Para um grande número de pessoas deve ser realmente difícil conviver com um valor chamado democracia. Vem lá do grego e quer dizer poder que emana do povo, ou seja, do voto. Muito além da etimologia, essa palavra de chapéu largo abarca outras tão importantes quanto: respeito, liberdade, direitos e garantias individuais, convivência com as diferenças.
As excelências eleitas não precisariam ir muito longe para aceitar que vivemos num país democrático (ainda que, na prática, estejamos eternamente em construção). Basta saber que foi o povo quem lhes deu o direito de representá-lo. Ocorre que é indigesta para alguns políticos a ideia de democracia. Difícil conviver com a liberdade de expressão e todo o resto; críticas e cobranças; respeito às leis; a independência dos poderes.
O imaginário de golpistas constrói, então, um castelinho protegido por um forte apache tosco, com arminhas e canhões apontados para o primeiro internauta, jornalista, influencer com poder de fogo no Twitter. Dispostos a tudo para mudar o regime, arrumam a batalha toda na cabeça, mas na hora H... O plano pode não dar certo.

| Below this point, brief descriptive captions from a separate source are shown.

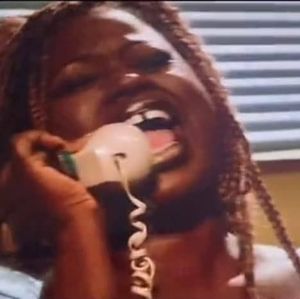 Meet your Posher, Yolanda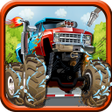 Иконка программы: Truck Repair & Wash Garag…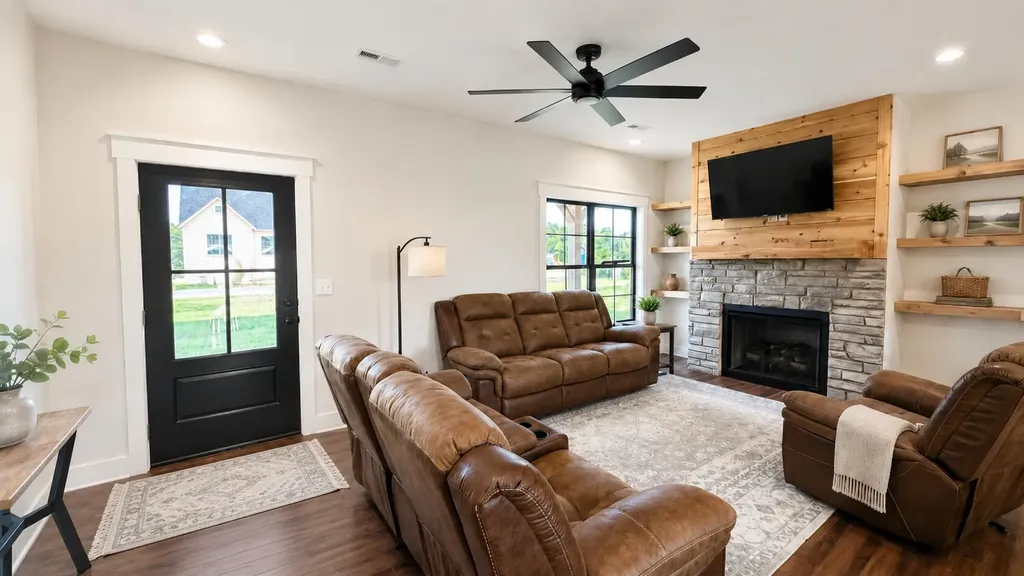 247 Rilda Ridge Road Lancaster KY 40444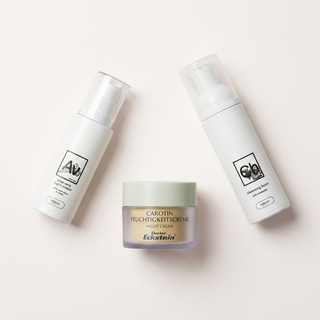 Gamme de base Peau normale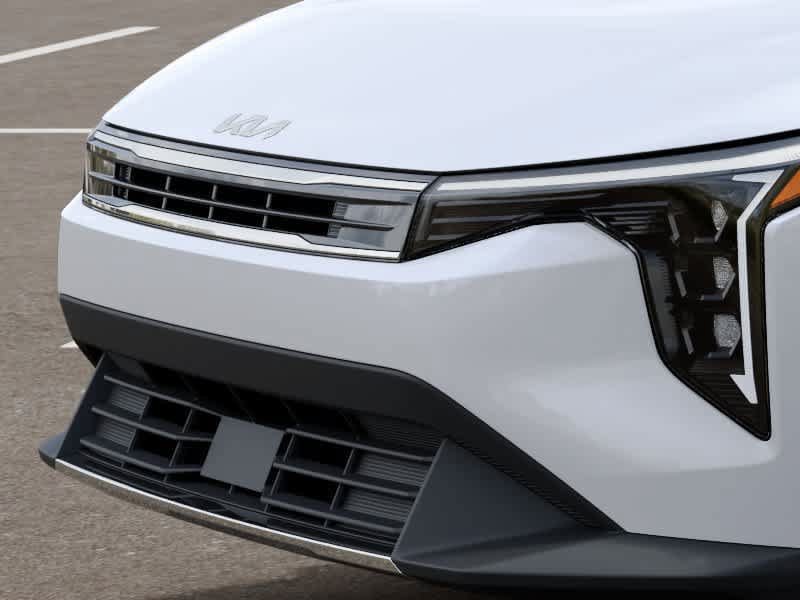 Thumbnail: 2026 Kia K4 - 5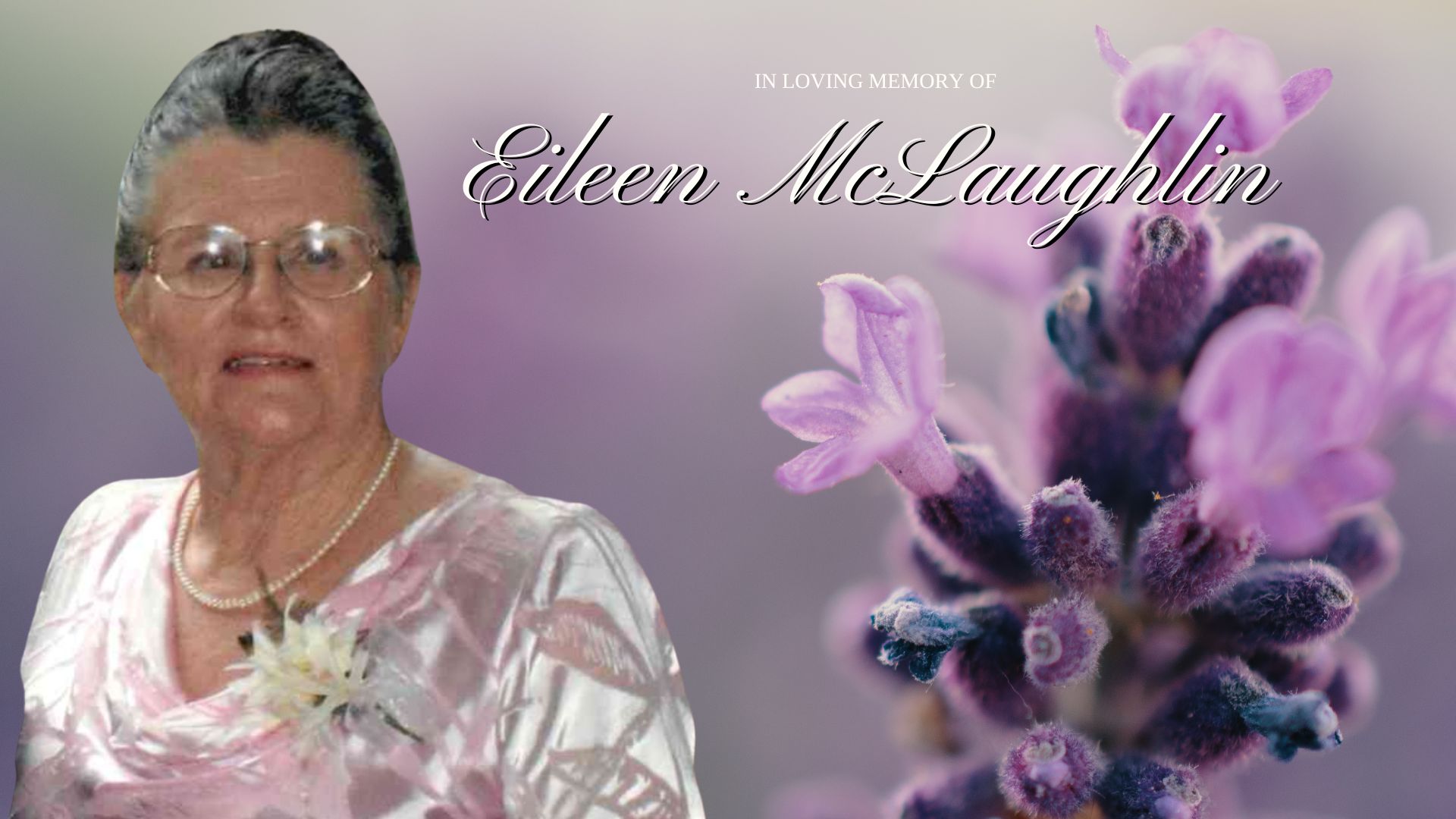 Eileen McLaughin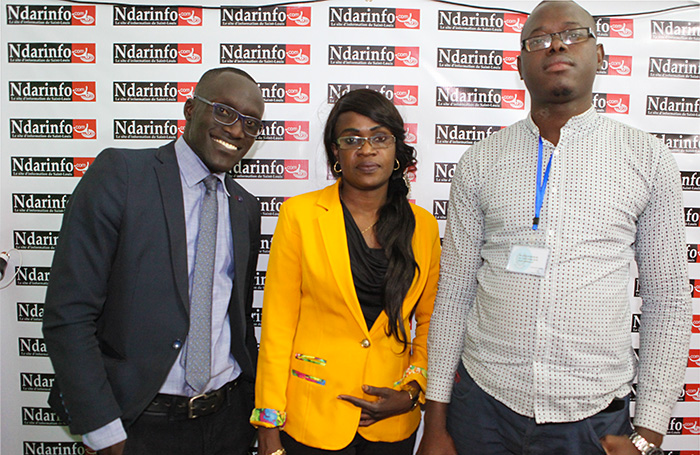 ÉDUCATION : l’ESP s’ouvre aux Bacheliers et Candidats au Bac de Saint-Louis. ÉDUCATION : l’ESP s’ouvre aux Bacheliers et Candidats au Bac de Saint-Louis.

As Forças Armadas brasileiras não são o forte apache do playground de nenhuma turma golpista. A maioria fardada convive com o fantasma da ditadura sem ter feito parte dela diretamente, sem ter defendido tortura, com o respeito à Constituição e não compactua com retrocessos. Sabe o tamanho do desgaste pessoal que enfrentou, mesmo de longe. Sim, devemos ainda um acerto de contas importante com nosso passado. Contar uma história verdadeira sobre a ditadura é essencial para entendermos o que significou e por que jamais pode voltar.
Muitos militares estão assentados no governo Bolsonaro, isso é fato. Em cargos importantes e estratégicos. O presidente esperava alguma lealdade e cumplicidade com seus propósitos extremistas. Acabou detonando uma crise inédita na história recente da República: o afastamento simultâneo de três comandantes militares ao mesmo tempo, além de um ministro da Defesa. Fogo no parquinho.
O Correio, exercendo o seu papel de bem informar, publicou duas entrevistas na semana passada que ativaram o alarme na trincheira golpista: a mais polêmica, do general Paulo Sérgio, mostrando com transparência a realidade em relação à covid-19, provocou grande mal-estar no Planalto. O então ministro da Defesa falando que a vacina é prioridade e a política deve ficar longe dos quartéis também causou tremor nas bases. Ambas refletem a verdade doa a quem doer.
O pelotão palaciano que gosta de atentar contra a democracia, com frases sobre o AI-5, julgou mal as Forças Armadas. Ainda que encontre apoio em algum momento nos quartéis, o destempero em relação ao comando do país também grita forte, mais ainda quando se trata dos sucessivos desacertos em relação ao combate à covid-19. O desleixo no enfrentamento à pandemia incomodou. Muito. A ponto de ser maior que todo o resto.
Os militares podem engolir o espírito de autoritário aventureiro de Bolsonaro, mas colocar no jogo a defesa da vida e a democracia enraizada é encarar uma guerra perdida. Jogar as conquistas de anos pela janela seria insensatez maior do que apoiá-lo em 2018. Ali era risco calculado. Agora, ato kamicaze. Não há disposição para tanto. Querer tratar o alto comando como chefetes de milícias foi um erro brutal. Venceu a tese do bom-senso, sustentada pelo princípio de que a política não deve entrar nos quartéis. Que siga assim, o Brasil agradece.
Passaremos uma Páscoa triste, ainda contando muitos mortos e consolando tantas pessoas enlutadas. Mas, ao menos, renascidos para a nossa democracia.Tardia, suada, mas não tão frágil quanto pode parecer aos desavisados. Me despeço com Winston Churchill: “A democracia é a pior forma de governo, com exceção de todas as demais”. Um bom renascimento para todos nós.